Frank Boulben, Chief Revenue Officer de Verizon: « A guy with a funny accent » chez le géant mobile américain

Frank Boulben, Chief Revenue Officer de Verizon: « A guy with a funny accent » chez le géant mobile américain

Par Marie-Barbe Girard / Le 19 mai 2025 / Business

Faire le portrait de Frank Boulben, c’est un peu retracer l’histoire des télécoms depuis le début des années 90. Le Chief Revenue Officer (CRO) de Verizon Consumer Group, à la tête d’un chiffre d’affaires annuel de plus de 105 milliards de dollars, a fait ses armes chez tous les grands opérateurs de télécom et d’internet, de SFR à Vivendi, Orange, Vodafone, Blackberry et enfin Verizon. Une carrière hors normes, sous le signe de la révolution numérique.

L’épopée Vivendi

Frank Boulben ne se destinait pourtant pas aux télécoms. À la sortie de l’École Polytechnique, il choisit pour école d’application les Ponts et Chaussées et commence sa carrière comme consultant chez CVA. C’est au hasard d’une mission, au début des années 90, qu’il réalise que « la téléphonie mobile allait transformer nos vies ». Ni une ni deux, il rejoint SFR, en pleine dérégulation du téléphone fixe et hyper-croissance du téléphone mobile. C’est là qu’il est repéré par Jean-Marie Messier, aux commandes de l’ancienne Compagnie Générale des Eaux, renommée Vivendi. Frank Boulben prend le poste de co-CEO de Vivendi Net. « Durant la bulle Internet des années 2000, en trois ans seulement, j’ai vécu un cycle industriel complet : nous sommes passés d’une valorisation de zéro a 50 milliards d’euros, avant de revenir à zéro en l’espace de trois ans ! ». 

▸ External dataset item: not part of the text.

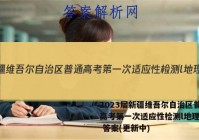 2023届新疆维吾尔自治区普通高考第一次适应性检测l地理试卷 答案(更新中)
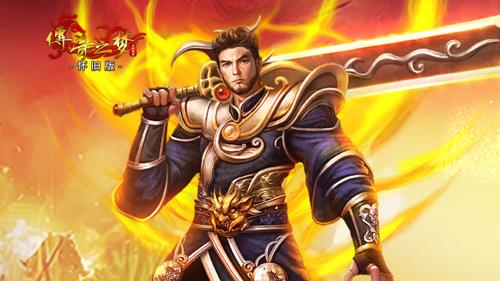 传奇SF发布网|王者x哪吒2联动曝光！敖丙双形态特效拉满 颜值封神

Frank Boulben est aux premières loges de l’aventure Vivendi. « Lorsque nous annonçons notre portail multi-accès [qui permet d’accéder à internet de son mobile, de son ordinateur et de sa télévision, ndlr] en partenariat avec Vodafone, le cours de Vivendi bondit de 15 à plus de 80 euros, raconte-t-il. Messier veut en profiter pour acheter des actifs, et annonce l’un des plus grands deals du moment, le rachat de Seagram, payé 100% en actions Vivendi ».

Seagram est un conglomérat canadien qui, en plus de ses activités traditionnelles dans les vins et spiritueux (revendues par Vivendi pour plus de 10 milliards de dollars), détient Universal Studios, Universal Music et des participations importantes dans Match.com et Expedia. « À l’été 2000, Vivendi s’apprête à faire une dernière acquisition, celle d’un groupe de Pay TV américain – c’est la dernière marche pour devenir le premier groupe de médias au monde, devant News Corp ! Mais le groupe est trop endetté, le marché se retourne, Messier est débarqué  ».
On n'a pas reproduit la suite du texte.